Using the data below, output a verbatim copy of the lines between the one holding "Elevn Flat Mount" and the one holding "Dune 1984 T-Shirt, David", inclusive, without any pictures.

Recorded data:
*** Begin section ***

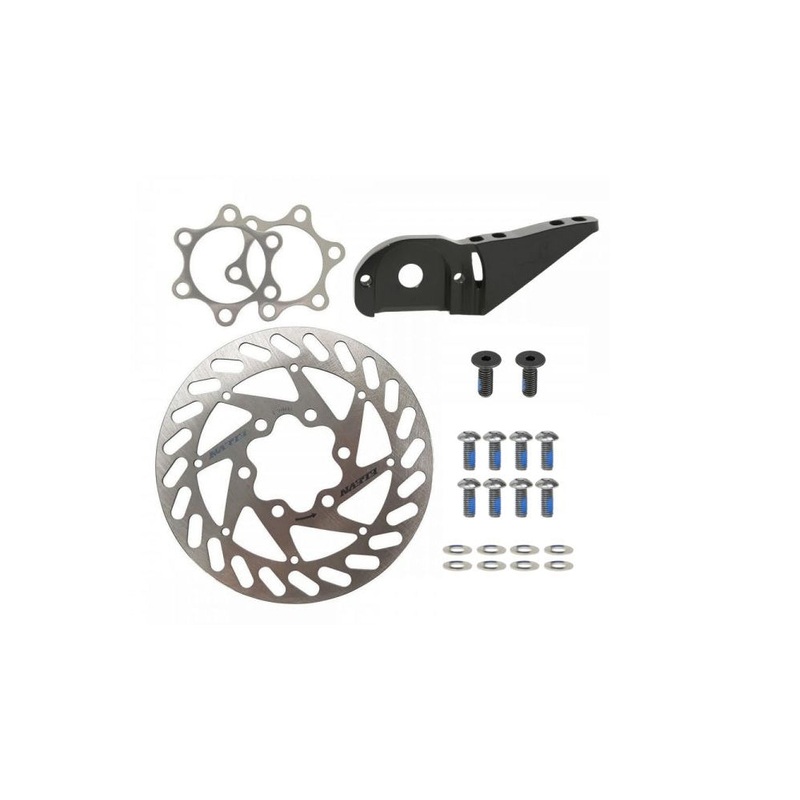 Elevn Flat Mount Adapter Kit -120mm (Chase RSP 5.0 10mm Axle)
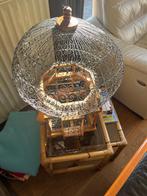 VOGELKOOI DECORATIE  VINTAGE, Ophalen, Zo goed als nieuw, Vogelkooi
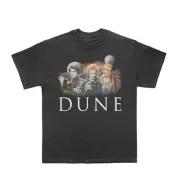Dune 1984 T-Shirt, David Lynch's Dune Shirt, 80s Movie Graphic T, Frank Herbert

*** End section ***
*** Begin section ***

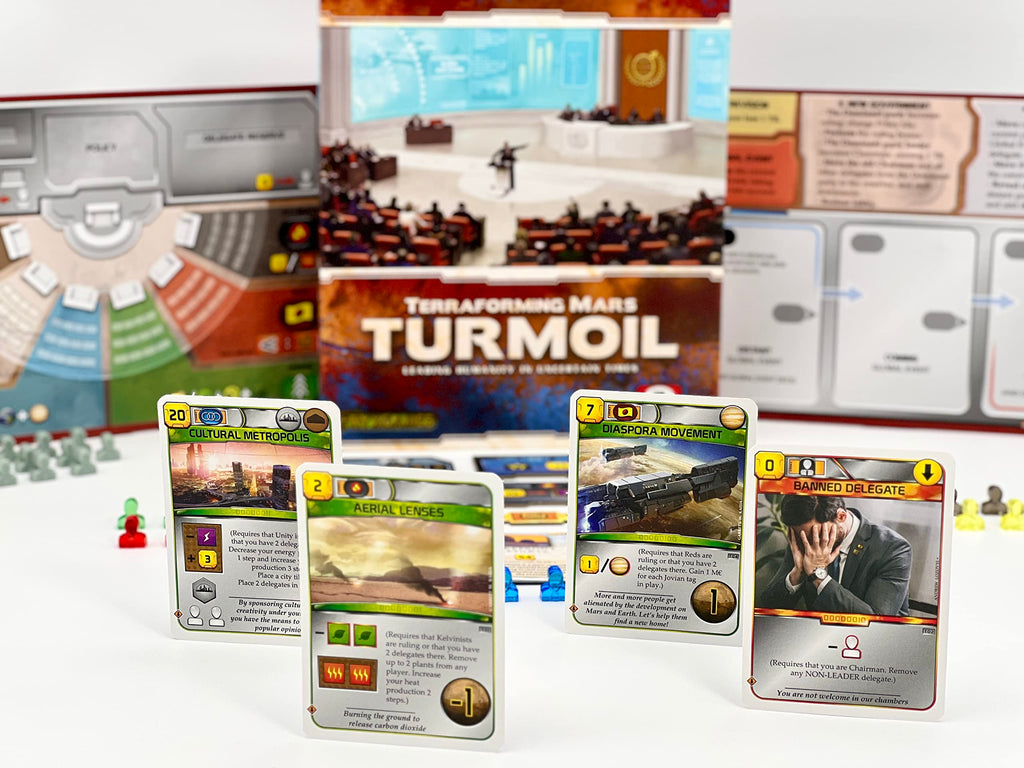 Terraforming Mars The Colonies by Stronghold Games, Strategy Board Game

*** End section ***
*** Begin section ***

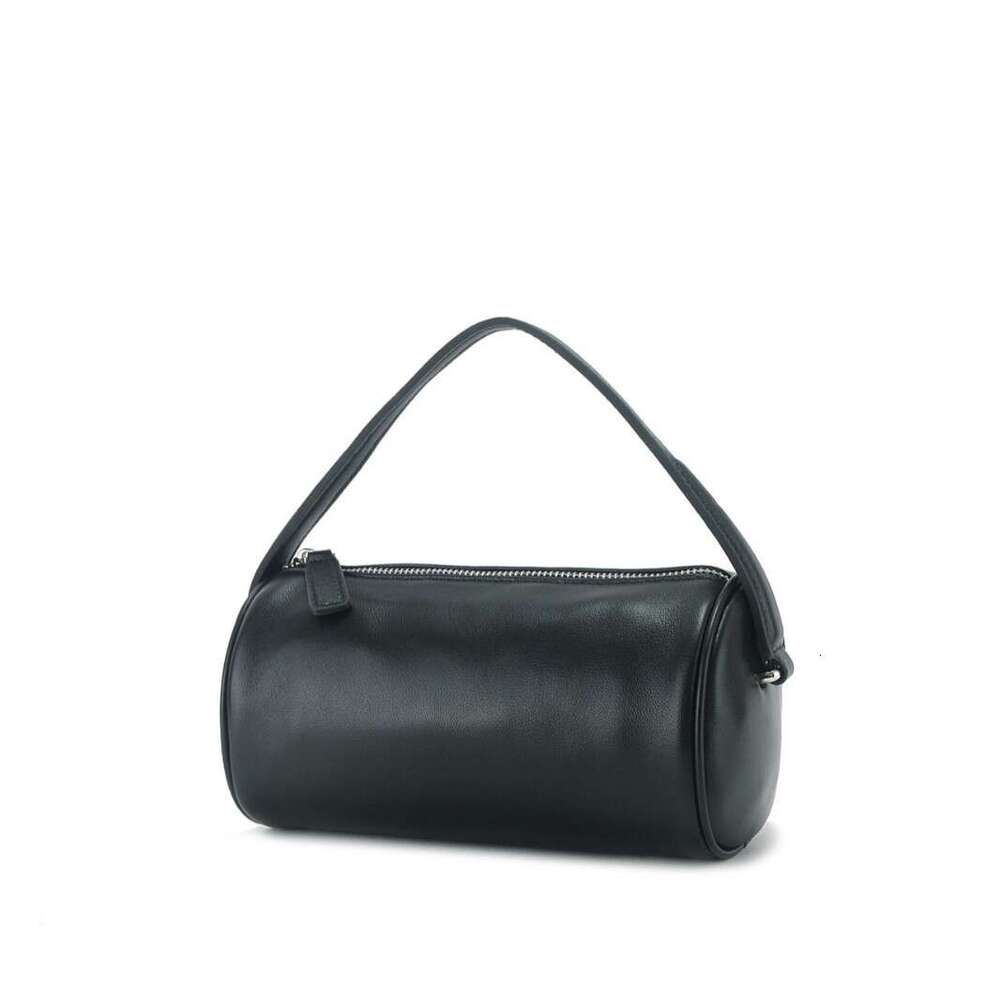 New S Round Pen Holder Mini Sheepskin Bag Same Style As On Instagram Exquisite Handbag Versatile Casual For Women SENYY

*** End section ***

Answer:
 Elevn Flat Mount Adapter Kit -120mm (Chase RSP 5.0 10mm Axle)
 VOGELKOOI DECORATIE  VINTAGE, Ophalen, Zo goed als nieuw, Vogelkooi
Dune 1984 T-Shirt, David Lynch's Dune Shirt, 80s Movie Graphic T, Frank Herbert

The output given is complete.